The Vale Resort is a golf, spa and leisure hotel and resort in the Vale of Glamorgan, south Wales. It consists of a hotel, spa, restaurant, two championship golf courses, golf clubhouse and a conference centre.

==History==

The resort is located near Hensol Castle, in the Vale of Glamorgan, around 10 miles outside Cardiff city centre. Leekes, a retailer owned by Gerald Leeke, purchased the site, which at the time consisted of a 9-hole golf course, in 1994. Around this course, a golf clubhouse was opened, followed by a health club and spa facility in 1998, designed for 4,500 members. As of 2012, the spa is the largest in Wales.

The 143-bedroom hotel was opened in November 1999, along with an indoor sports training arena, in a partnership with the Welsh Rugby Union (WRU). The WRU continue to use the facility as their training base during domestic fixture periods such as the Six Nations Championship and Autumn internationals, and in 2009 the training facilities were developed further and relaunched as the WRU National Centre of Excellence, which includes three full-size outdoor rugby pitches as well as the indoor pitch and two administration blocks, where the national squad's backroom staff and the WRU's development and academy staff are based.

The Football Association of Wales also previously had its training base at the Vale Resort, and commissioned international standard practice football pitches which were built at the facility between 2005 and 2006. The facility was officially opened in 2009, by FIFA president Sepp Blatter. In 2011, at the request of then-Wales manager Gary Speed, the FAW moved the national team's training base to Newport's Celtic Manor Resort, resulting in a £15,000 compensation payout to the Vale Resort. The football facilities at the Vale continue to be used by Cardiff City FC, who share the Vale Pavilion building as their training headquarters with the Cardiff Blues regional rugby side.

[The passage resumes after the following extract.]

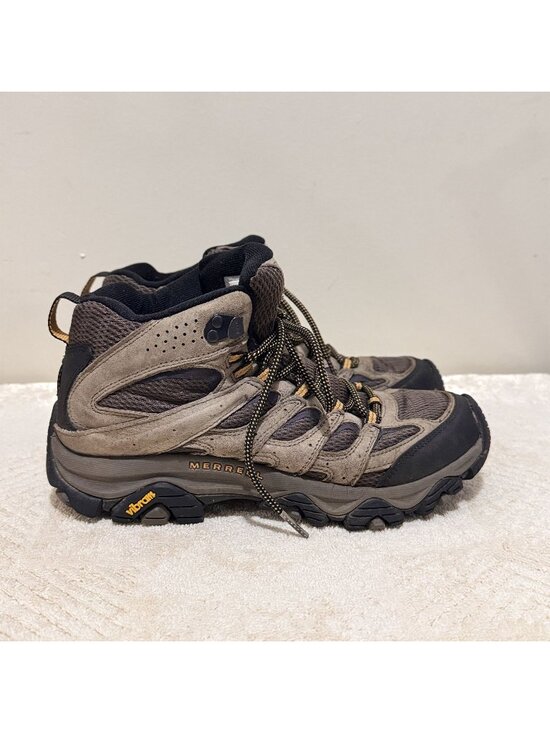 Merrell Other - Merrell Men's Moab Mid Hiking Boots Gray Brown Suede Vibram Waterproof US 8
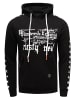 Rusty Neal Sweatshirt mit Kapuze und Front Print in Schwarz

In 2011, the resort made sales of £12 million.

==Golf==
From the original 9-hole golf course, the facilities at the site have been developed into two championship golf courses. The Wales National is a par 73 course which opened in June 2003 and has hosted the Wales Challenge event on the Challenge Tour in 2005 and from 2007 to 2010, and the Wales Seniors Open on the European Seniors Tour in 2006. The Lake Course is a par 72 course, developed around a 20-acre lake at the site.